Without further ado, here's the guide.

Why this guide?

Now, what prompts me to do this guide? Of course, it's an itch to be scratched. My home computer runs Nagios, and I've set it up to periodically check for the health of the Apache service that runs this site, because it tends to go haywire and very slow during traffic storms.

The check_http Nagios plugin does work. So why don't I use it? Because it doesn't work as I intended. This is better explained by live example.

Most Nagios plugins are simple command-line programs which accept two timeout threshold arguments: the warning and the critical threshold. They report back the success, failure, warning or critical status to the Nagios server in a line of text.

This makes for powerful, modular server supervision and testing. Remote testing of service health is a piece of cake: once you've set it up, it's fire and forget (until any problem with the server arises). In this particular case, Nagios periodically runs the check_http plugin, which times the response time of the Apache server; if the service takes too long to respond, Nagios issues a WARNING or a CRITICAL message to me.

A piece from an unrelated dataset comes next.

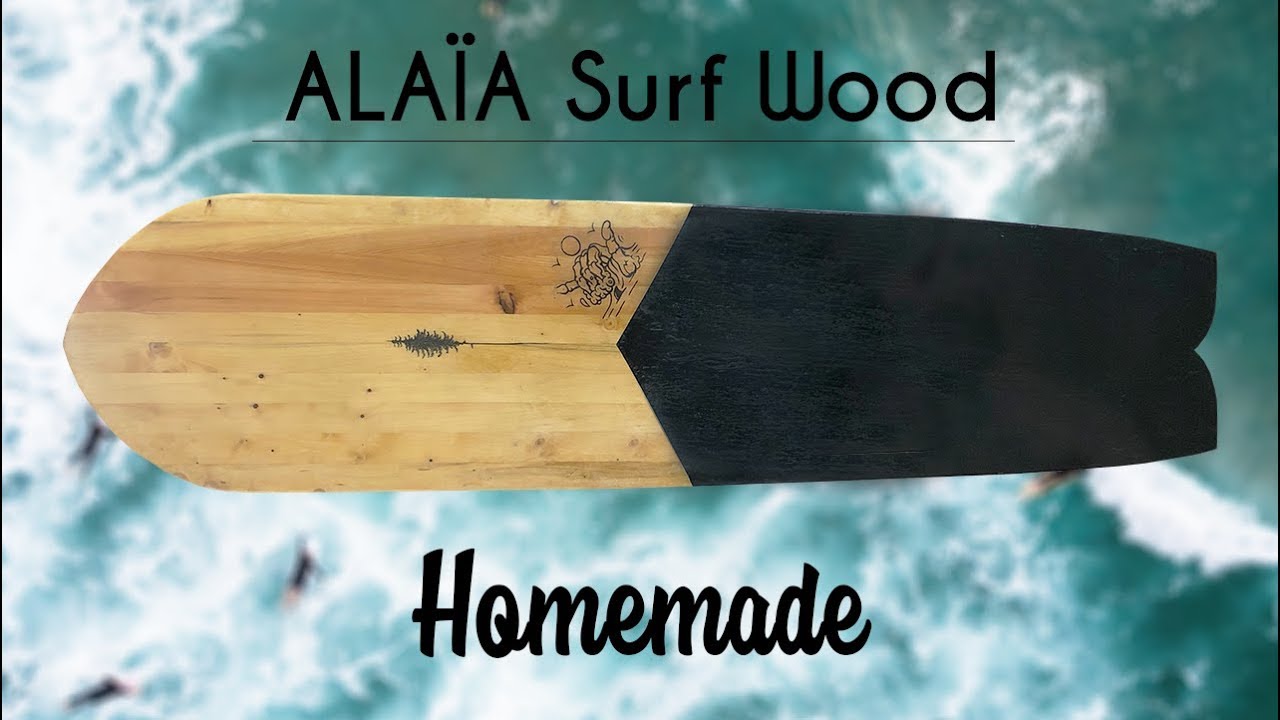 FABRIQUER UNE ALAÏA ::Planche de surf en bois::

Of course, in a perfect world, air poses no resistance, cows are perfectly round, and network congestion is a non-issue. But my computer is at 18 high-latency hops from the server I'm checking. To boot, I usually have a BitTorrent client open and, no matter now much tuning you do, that kind of traffic breeds congestion. While the service itself may be serving one page in 0.5 seconds, Nagios usually reports times above 10 seconds (in my book, that's CRITICAL).

So check_http, as shipped, is useless to me -- I cannot reliably determine if my remote host is truly slow, or if it's just me.

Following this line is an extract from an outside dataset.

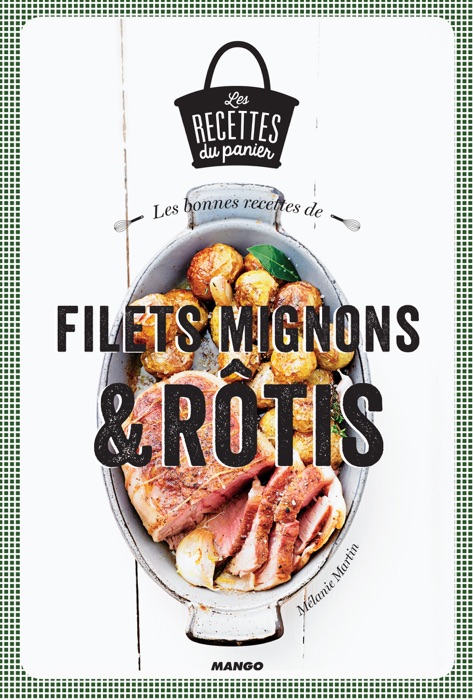 Les bonnes recettes de filets mignons et r么tis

The solution: time server response times directly at the source

With that in mind, I set out to find a solution. And the first one that sprang to mind is the one that I implemented. Basically, running check_http directly on this server would yield good timing information, and drastically cut back on warnings. And you can run check_http via SSH, which is an even better proposition.

Keep reading to find out how I did it.

"Installing" check_http on the server

I could not install Nagios on the remote server, because it lacks a compiler, I don't have the root password and, besides, I'm too busy to go foraging for software and installing it. Damn.

Would copying the check_http binary suffice? As it turns out, it didn't. Lots of library errors, because my binary was linked against a different version of OpenSSL and the GNU C library. Damn. See for yourself:

[rudd-o@amauta2 ~]$ nagios/bin/check_http
   nagios/bin/check_http: error while loading shared libraries: cannot open shared object file: No such file or directory
Solution to this problem: the brute-force way. I copied the binary, the GNU C library, the OpenSSL libraries and the program that runs ELF binaries. Check this out:
[rudd-o@amauta2 ~]$ pwd
   [rudd-o@amauta2 ~]$ ll nagios/bin nagios/lib
   total 56
   -rwxr-xr-x  1 rudd-o rudd-o 50660 Sep 16 23:25 check_http

   total 3168
   -rwxr-xr-x  1 rudd-o rudd-o  120352 Sep 16 23:31
   -rwxr-xr-x  1 rudd-o rudd-o 1247272 Sep 16 23:28
   -rwxr-xr-x  1 rudd-o rudd-o 1572400 Sep 16 23:30
   -rwxr-xr-x  1 rudd-o rudd-o  279384 Sep 16 23:26
Great, now it's time to make it run. Keep reading.

Making check_http run properly on the remote server

OK, time to turn to the LD_LIBRARY_PATH trick. This tells the system to look for libraries in the directory where I copied them first.

[rudd-o@amauta2 ~]$ export LD_LIBRARY_PATH=$HOME/nagios/lib
[rudd-o@amauta2 ~]$ nagios/bin/check_http
nagios/bin/check_http: relocation error: /home/rudd-o/nagios/lib/ symbol dltls_get_addr_soft, version GLIBC_PRIVATE not defined in file with link time reference

Relowhat? I couldn't run check_http directly, since the linker is linked against version 2.2 of the C library, and the program is linked against version 2.4. Damn.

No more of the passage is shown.